It was just like I could figure it out in my own free time, my own spare time. And the urgency was like, okay, maybe I wouldn't make as much money if I wasn't as urgent, but like, that's a choice I got to make. And I really enjoyed being in control of my choices and in control of the outcomes. And I still have that today.

[25:51] Paul: Yeah, I experienced a similar thing. I quit my job and I was sort of shocked at how much ownership I had. And not only that, how much I enjoyed it. Like I had gone from a consulting firm where there's like 50 people involved in every project of like admins and support and all these things and suddenly I'm closing the deal, doing the work.

[26:14] Justin Welsh: Yeah.

[26:14] Paul: And basically just like deciding everything myself, sending the invoices. And it was like, it one, took so much less time. Yeah. Um, but I was like, why would anyone not want this? Um, did you have similar realizations of like, oh wow, I wish I had like explored this sort of path a little earlier?

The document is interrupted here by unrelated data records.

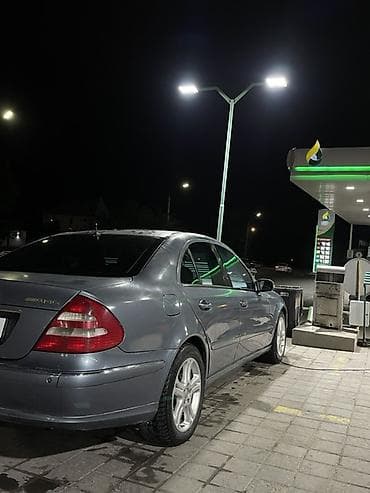 сешка шины: Mercedes-Benz E-Class: 2004 г., 2 л, Автомат, Бензин, Седан — 3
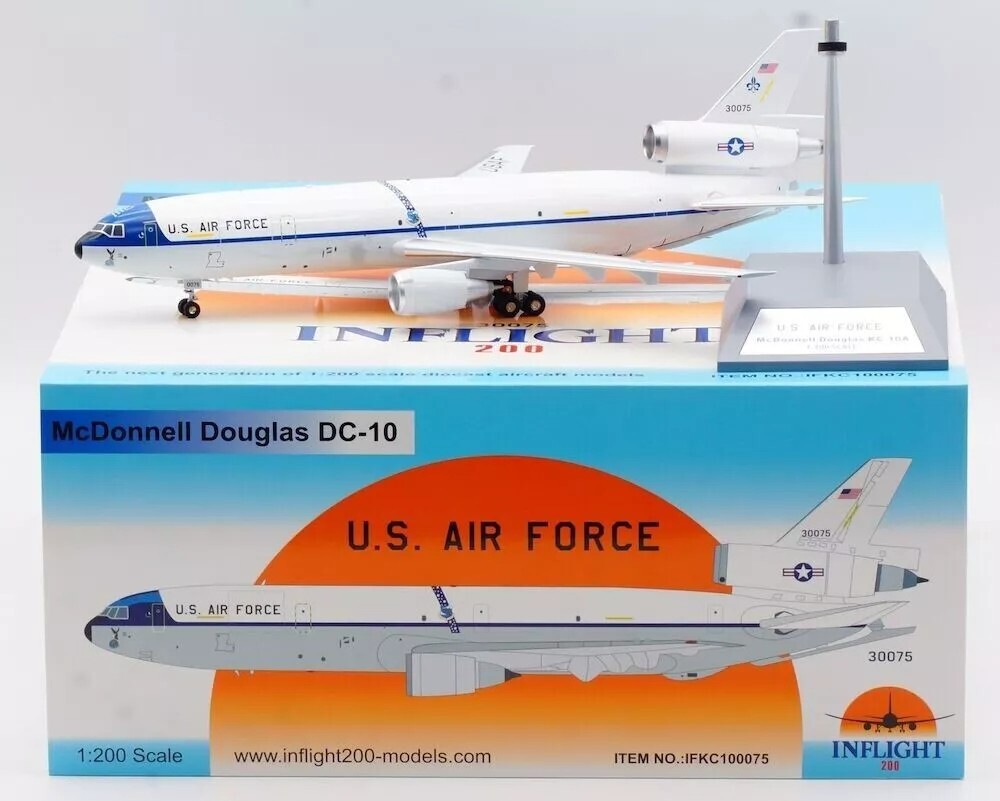 INFLIGHT200 USAF MCDONNELL DOUGLAS KC-10A 1:200 DIECAST
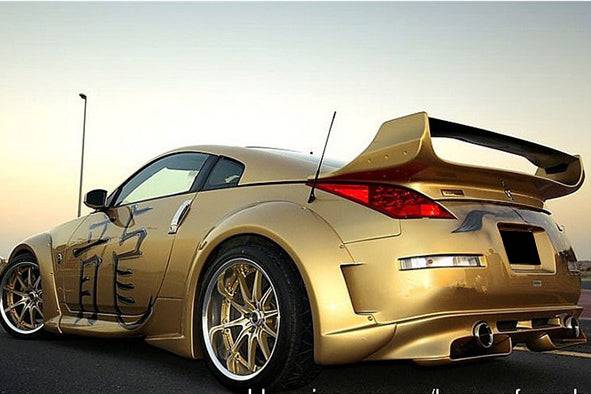 2003-2008 Nissan 350Z Vs3 Style Wide Fender Flare body kit - Carbonado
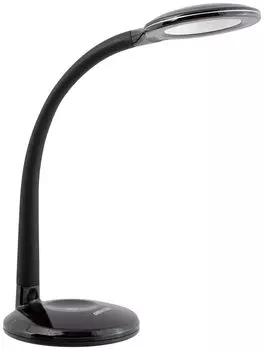 GENTOS LED desk easy on the tabletop stand 520 black light, eyes, light, lumens, Lemillion, DK-R255BK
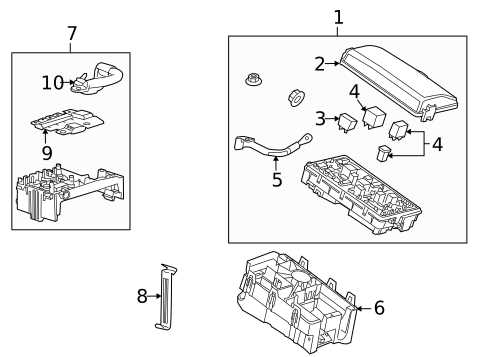 2012 cadillac srx fuse box diagram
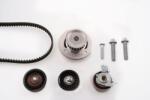 HEPU Set pompa apa + curea dintata HEPU PK03171 (PK03171) - fixbox
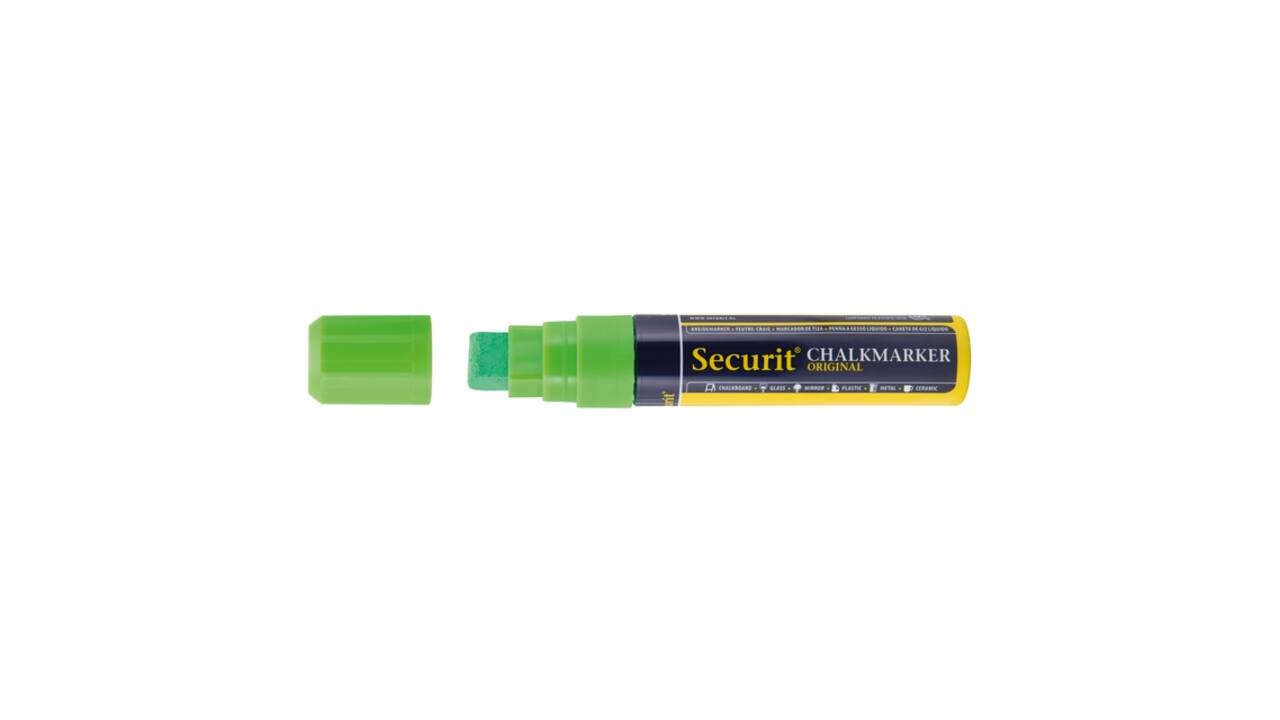 Krijtstift Securit SMA-720 blok ass 7-15mm blister à 4 stuks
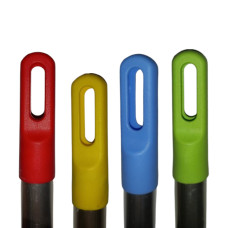 Рукоятка для швабры 140см, пластик/алюминий, цвета микс. 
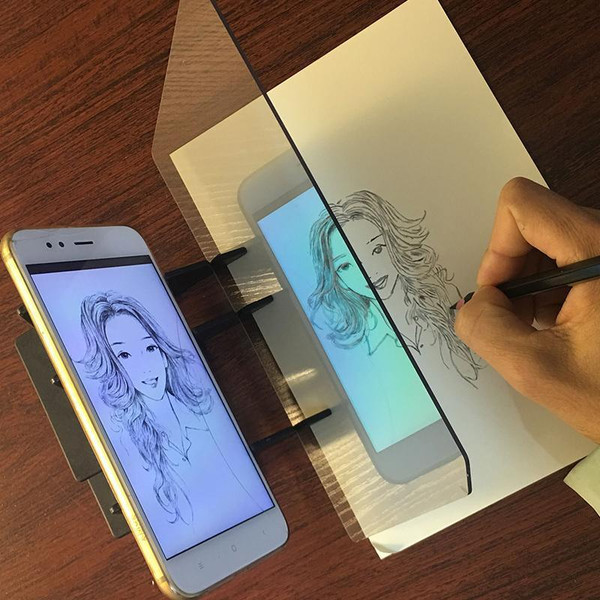Create Masterpieces with Sketch Tracing Drawing Board - Optical Draw  Projector Art Tool!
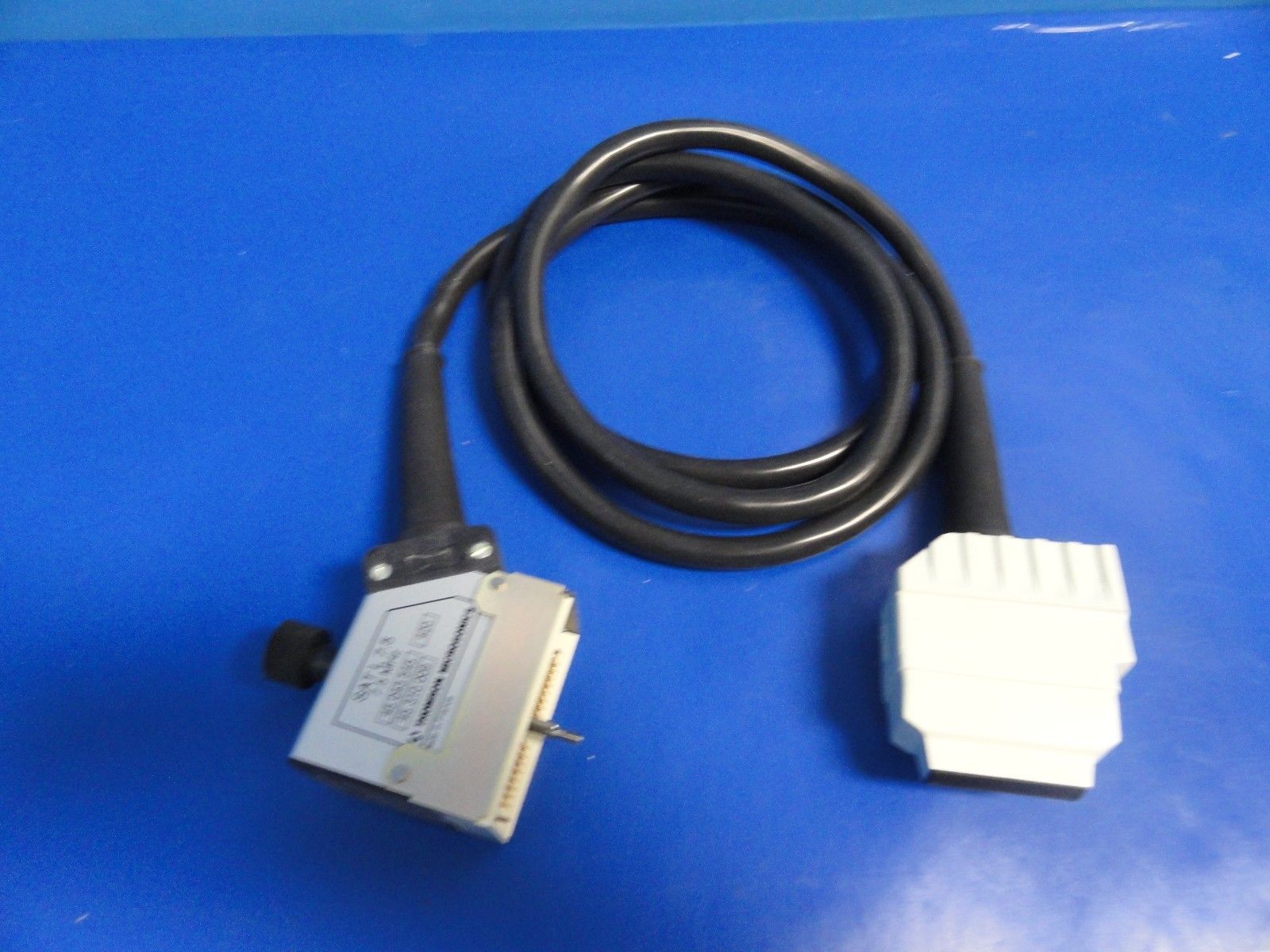 GE Thomson Microsonics SAT L 7.5 P/N 45310011 Linear Array 7.5 MHz Probe 10166 DIAGNOSTIC ULTRASOUND MACHINES FOR SALE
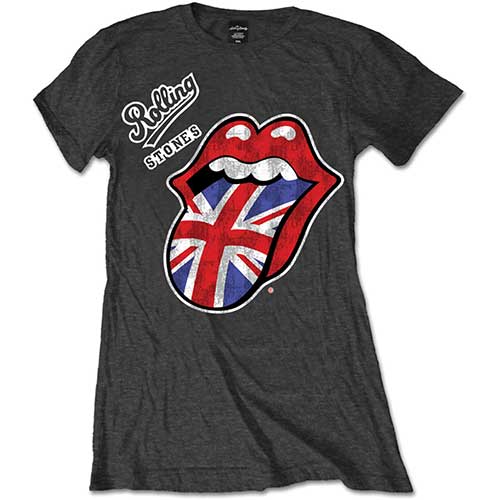 THE ROLLING STONES Vintage British Tongue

[26:35] Justin Welsh: Yes and no. I think your initial instinct when you get into your own path is like, oh, I should have done this earlier, which is dangerous because you discount all of the stuff you learned up until that time period. And I think a lot of what I learned was really important. A lot of what I learned being a chief revenue officer has come into this business. So I wish I was younger. I think that would be nice.

I started my own business when I was 38. I see a lot of, they're not kids, I don't mean it like that, but I see a lot of folks much younger than me.

[27:10] Paul: I know what you mean.

[27:11] Justin Welsh: I'm similar age. 24 starting their own business online. I'm like, oh, that's cool. I wish that opportunity existed when I was 24. So no, I don't regret having started earlier. And I'm also really, as much as I joke about like, I wish I would have started younger.

I think part of the reason that I've been successful is because I'm older. I think if I had been online trying to get attention, trying to build an internet business when I was 24, I was really immature and stupid. And I don't think I would've been— Yeah, I think I would've been a really, I think I would've been probably canceled. I was a real dumb kid and I'm glad that I was a little more mature when I started my business.

[27:53] Paul: Yeah, same here. I think I was very lucky that I think being in my mid to late 30s, I'm 39 now and I don't want to burn out. I want to keep doing this for a long time. I want to enjoy what I'm doing. And so if I was in my 20s and still had to like prove myself, I'd probably push myself to do things I didn't want to do or scale too fast and all these things. And so yeah, there's just more patience I have at this age, I think.

[28:27] Justin Welsh: Yeah. I find myself often falling in the trap of, and I don't recall if we talked about this via email or anything, but I bring a lot of the bad habits of being a chief revenue officer to my own business. I wish I could say, oh, I've slowed down. Like, I'm super slow. Like, I'm meandering through this or like taking my time. The very candid truth of the matter is I hold myself to exceptionally high standards, and standards are generally defined by results.

And I bring a lot of that results-oriented business thoughts from my last job. And what I've come to realize, and probably why every 5 years I hit the reset button, is like it's hard to turn those off, number one. And when those are turned on, you're on the hedonic treadmill. You're always trying to grow more and to do better. I have a challenge in myself internally that if things aren't going like this, right, then that is a reflection of my ability as a human. And first of all, internally, I know that's not true.

But it's hard to disconnect from that thought. I don't know if that makes sense.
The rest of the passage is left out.